Words: Joshua Lee
A long drive across the north-east coastline of Jamaica will take you to Oracabessa, the artist town Christopher Columbus once sailed to, little over 500 years ago. It is an unassuming location, with a population somewhere north of 4,000 – yet, given its waters of heavily saturated blues and its beaches that wouldn’t be amiss in a Sports Illustrated centrefold, it is easy to envisage it as a place where James Bond, that quintessential fictional superspy, would hole up to escape the ruthless, unblinking demands of being a living gun for hire.
It should come as no surprise, then, that this tropical spot was where the man who immortalised him in words, Ian Fleming, chose to build his renowned GoldenEye estate, perhaps the most iconic location in Bond lore.

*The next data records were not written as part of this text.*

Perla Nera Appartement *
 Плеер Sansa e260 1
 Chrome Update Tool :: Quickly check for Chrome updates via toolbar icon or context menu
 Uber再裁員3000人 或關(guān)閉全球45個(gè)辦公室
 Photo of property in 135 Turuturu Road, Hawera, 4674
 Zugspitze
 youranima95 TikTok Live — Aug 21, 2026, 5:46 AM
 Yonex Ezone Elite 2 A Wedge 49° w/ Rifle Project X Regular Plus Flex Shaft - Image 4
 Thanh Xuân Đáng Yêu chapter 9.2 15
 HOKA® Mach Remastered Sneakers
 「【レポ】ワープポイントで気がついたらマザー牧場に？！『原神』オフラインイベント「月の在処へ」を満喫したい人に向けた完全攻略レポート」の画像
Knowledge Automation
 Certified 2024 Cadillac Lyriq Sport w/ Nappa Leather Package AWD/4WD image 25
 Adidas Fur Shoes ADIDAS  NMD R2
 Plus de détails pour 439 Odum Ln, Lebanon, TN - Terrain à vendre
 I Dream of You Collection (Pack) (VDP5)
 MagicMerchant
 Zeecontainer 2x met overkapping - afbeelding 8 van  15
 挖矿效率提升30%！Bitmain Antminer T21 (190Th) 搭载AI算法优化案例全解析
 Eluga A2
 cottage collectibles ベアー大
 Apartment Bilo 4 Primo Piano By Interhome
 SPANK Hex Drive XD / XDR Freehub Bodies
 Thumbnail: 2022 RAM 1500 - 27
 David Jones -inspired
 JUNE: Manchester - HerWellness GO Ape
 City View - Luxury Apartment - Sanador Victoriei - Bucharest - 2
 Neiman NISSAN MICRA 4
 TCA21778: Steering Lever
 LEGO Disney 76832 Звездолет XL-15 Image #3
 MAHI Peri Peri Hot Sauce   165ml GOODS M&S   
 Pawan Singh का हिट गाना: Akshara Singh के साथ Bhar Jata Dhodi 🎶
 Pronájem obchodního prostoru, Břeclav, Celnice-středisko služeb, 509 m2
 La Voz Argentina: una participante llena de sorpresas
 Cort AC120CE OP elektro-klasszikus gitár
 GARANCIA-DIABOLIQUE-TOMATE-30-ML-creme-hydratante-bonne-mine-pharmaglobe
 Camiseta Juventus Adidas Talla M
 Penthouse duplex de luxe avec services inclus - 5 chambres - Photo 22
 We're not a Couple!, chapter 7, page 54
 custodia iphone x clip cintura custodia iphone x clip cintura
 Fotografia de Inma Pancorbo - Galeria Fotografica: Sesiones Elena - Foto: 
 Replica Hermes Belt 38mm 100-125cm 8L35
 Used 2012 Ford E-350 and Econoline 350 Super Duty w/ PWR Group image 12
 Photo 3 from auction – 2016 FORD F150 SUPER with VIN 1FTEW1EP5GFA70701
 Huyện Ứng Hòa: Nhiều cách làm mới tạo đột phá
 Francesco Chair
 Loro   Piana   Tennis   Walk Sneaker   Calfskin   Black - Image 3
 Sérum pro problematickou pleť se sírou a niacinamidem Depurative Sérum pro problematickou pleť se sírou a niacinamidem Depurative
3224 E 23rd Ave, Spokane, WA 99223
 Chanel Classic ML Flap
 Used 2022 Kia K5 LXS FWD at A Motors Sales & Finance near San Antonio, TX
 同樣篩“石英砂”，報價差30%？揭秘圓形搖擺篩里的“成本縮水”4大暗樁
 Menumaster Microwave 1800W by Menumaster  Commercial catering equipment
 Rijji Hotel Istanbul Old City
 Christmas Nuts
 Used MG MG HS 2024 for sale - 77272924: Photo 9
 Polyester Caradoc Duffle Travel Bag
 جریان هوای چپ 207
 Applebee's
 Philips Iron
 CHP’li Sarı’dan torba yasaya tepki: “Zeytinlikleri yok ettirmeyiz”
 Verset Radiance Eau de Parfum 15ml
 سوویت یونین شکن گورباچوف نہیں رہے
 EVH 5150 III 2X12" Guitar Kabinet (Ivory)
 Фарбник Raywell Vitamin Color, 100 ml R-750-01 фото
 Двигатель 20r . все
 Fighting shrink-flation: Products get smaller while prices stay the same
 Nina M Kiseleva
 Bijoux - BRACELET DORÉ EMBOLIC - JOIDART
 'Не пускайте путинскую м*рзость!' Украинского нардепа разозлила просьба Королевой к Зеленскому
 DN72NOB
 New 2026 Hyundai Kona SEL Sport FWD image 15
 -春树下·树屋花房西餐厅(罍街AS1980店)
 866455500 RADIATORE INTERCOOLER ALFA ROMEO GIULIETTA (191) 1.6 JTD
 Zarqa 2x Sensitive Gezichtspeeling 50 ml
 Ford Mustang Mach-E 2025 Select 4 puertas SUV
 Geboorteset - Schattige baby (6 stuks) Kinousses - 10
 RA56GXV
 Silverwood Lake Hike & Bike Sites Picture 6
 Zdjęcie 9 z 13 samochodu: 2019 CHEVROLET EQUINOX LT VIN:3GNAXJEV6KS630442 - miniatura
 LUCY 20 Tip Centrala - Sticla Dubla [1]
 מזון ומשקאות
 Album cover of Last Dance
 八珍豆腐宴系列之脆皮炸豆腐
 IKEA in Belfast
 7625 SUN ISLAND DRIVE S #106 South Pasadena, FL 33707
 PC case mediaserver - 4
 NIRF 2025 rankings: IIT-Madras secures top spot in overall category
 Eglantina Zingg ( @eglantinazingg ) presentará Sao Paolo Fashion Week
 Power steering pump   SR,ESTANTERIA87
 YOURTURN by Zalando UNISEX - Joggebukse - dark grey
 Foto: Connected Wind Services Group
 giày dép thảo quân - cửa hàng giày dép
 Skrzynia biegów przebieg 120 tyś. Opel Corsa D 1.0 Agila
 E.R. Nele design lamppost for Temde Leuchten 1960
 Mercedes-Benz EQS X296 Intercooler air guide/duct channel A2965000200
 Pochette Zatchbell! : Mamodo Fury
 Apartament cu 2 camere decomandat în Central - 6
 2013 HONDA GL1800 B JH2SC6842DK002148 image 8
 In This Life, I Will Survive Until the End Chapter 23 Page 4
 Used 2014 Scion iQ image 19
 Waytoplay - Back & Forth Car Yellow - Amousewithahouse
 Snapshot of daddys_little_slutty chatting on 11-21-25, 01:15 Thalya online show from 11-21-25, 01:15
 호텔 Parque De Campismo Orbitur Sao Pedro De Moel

It was while serving in the Navy during World War II when Fleming first ventured to Jamaica, under orders to investigate the activity of U-boats in the Caribbean. As kismet would dictate, the task offered him the opportunity to appreciate and eventually be enamoured by the lush surroundings; so, when a 15-acre estate – a former donkey racetrack in the banana port town of Oracabessa – came up for sale in 1946, he shot at the chance to acquire it.
For an author that possessed the mastery of bringing to life such glamorous tales of espionage, you would be forgiven for expecting his own estate – whose moniker comes from the operation that took him to Jamaica – to possess the same levels of opulence that he writes about. Yet, GoldenEye was quite the opposite, possessing a pared-back functionalism that was worlds away from the gilded five-star decadence so closely tied to the Roger Moore era, or the futuristic, clinical lines of Spectre’s Hoffler Klinik, in the Austrian Alps.
Instead, Fleming designed the villa himself, drawing up an architectural plan that suggested the structure should be composed simply, with the eventual result being a modest three-bedroom property fitted with shuttered jalousie windows, as well as the wooden terrace in a corner of the building where he wrote all 14 Bond novels.
However, that’s not to say that Fleming’s house was completely absent of any glitz or allure. Throughout the 1950s, GoldenEye became a social hub, playing host to a number of notable celebutantes that flocked to the estate for a sun-soaked escape, from Lucian Freud to Truman Capote, Katharine Hepburn and Sophia Loren.
12 years following Fleming’s death, in 1964, the property was bought by Chris Blackwell, the founder of Island Records and the man who first guided the career of Bob Marley. Notably, it was Blackwell who made the decision to build on the property, gradually adding a number of huts and lagoon cottages, with the estate eventually expanding to 52 acres. In 2011, following an extensive refurb, GoldenEye opened as a resort, a design feat courtesy of Ann Hodges, a Jamaican architect, who helped make available this slice of idyllic island living to those who wished to jet to this corner of the world.
Indeed, it may now look far from Fleming’s initial vision, but the original villa – which sleeps ten, and features a pair of guest cottages, sunken garden, bijou private beach and the desk at where he authored his books – remains spare and is the anchor of the resort. Perhaps more impressive is that despite the allure of the tourist dollars, a Disneyfied, paraphernalia-heavy scheme is eschewed across the grounds, where a medley of 49 villas, cabanas and cottages, located either along the lagoon or beaches, or throughout the gardens, are largely awash in a white palette and filled with hardwood furniture.
The spa, whose treatments draw upon local leaves and herbs, offers a moment of recovery following a session of deep-sea fishing, or a day undertaking any one of those classic island activities of snorkelling and stand-up paddle boarding, and guests refuel on BBQ classics at Bamboo Bar. Finally, at sundown, libations are sipped at rooftop lounge Shabeen. It is an experience certainly worth considering. After all, you only live once.